Canlar canına yol bulalım biz, yar elinden
Güller derelim; beyaz güller, kımızı güller
Dostlarla sohbet edelim daim hal dilinden
Aşkla, şevkle, muhabbetle dolsun şu gönüller
Canlar canına yol bulalım biz, yar elinden.
Alem içinde alem var, alem içinde alem
Seyreyle ki gönlünde daha neler var neler
Sohbet ile, muhabbet ile, yar ile her dem
Açılmakta birer birer, açılmakta perdeler
Alem içinde alem var, alem içinde alem.
Nedir ki ömür dediğin; uzun mu, kısa mı?
Geldin, gittin; iki kelime arasındasın
Gülüp eğlenmeye mi geldin yoksa yasa mı?
Karanın akındayken akın karasındasın
Nedir ki ömür dediğin; uzun mu, kısa mı?
Istırap mıdır, insanın alnına yazılan?
Hep harap mıdır gönül? Yoksa güler mi o da?
Nasıl kurtulur bu bilinmezliklerden insan
Yoksa düğümlenip de kalır mı bir noktada?
Istırap mıdır, insanın alnına yazılan?
Muhabbetin menbaında güller varsa eğer
O güller kimin elinde? Ona bir bakmalı
Her ne var ki gönlünde, sevilmeye değer
Gerçekten sevilmeye değer midir? Bakmalı.
Muhabbetin menbaında güller varsa eğer.
Ruhumda yankılanan bir terennümdür hasret
Yankılanır yankılanır da bir yerde kalır
Ve bir noktadan sonra faydasızdır nedamet
Gönül haritamda bahar, ötelerde kalır
Ruhumda yankılanan bir terennümdür hasret.
Ellerimin uzanamadığı her şey benim
Bende sandıklarım bir o kadar uzağımda
Ben “ben”de olmamanın derdiyle mustaribim
İçimde bir hüzün, bir tebessüm dudağımda
Ellerimin uzanamadığı her şey benim.
Ya bir sabah uyanınca her şey başka olacak
Ya da ben hep aynı sabaha uyanacağım
İçimdeki hicran huzurunda son bulacak
Hayalinle, hasretinle ah ben yanacağım
Ya bir sabah uyanınca her şey başka olacak.

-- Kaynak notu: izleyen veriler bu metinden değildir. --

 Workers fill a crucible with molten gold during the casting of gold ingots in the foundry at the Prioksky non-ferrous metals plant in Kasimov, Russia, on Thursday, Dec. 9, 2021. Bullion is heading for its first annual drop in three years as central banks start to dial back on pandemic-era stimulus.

Hangi günün sabahındaydı ki o gözler
Kupkuru göz pınarlarıma dokunmuşlardı
O hâli, o hayâli gönlüm nasıl da özler
Hangi gecenin ardında âh o muştu vardı
Hangi günün sabahındaydı ki o gözler.
Alnımda çizgi çizgi uzayan bir tefekkür
Muhabbet; muhabbet bir umman, dalsam içine
Tel tel olmuş benliğim, yollarına dökülür
Dışı buysa muhabbetin bilmem ki içi ne?
Alnımda çizgi çizgi uzayan bir tefekkür.
Nasıl ki gün doğuca gider gecenin hüznü
Alnımdaki çizgiler de öyle dağılacak
Ötelerde bıraktığım bahar mıdır, güz mü?
Bütün bunların anahtarı sendedir ancak
Nasıl ki gün doğunca gider gecenin hüznü.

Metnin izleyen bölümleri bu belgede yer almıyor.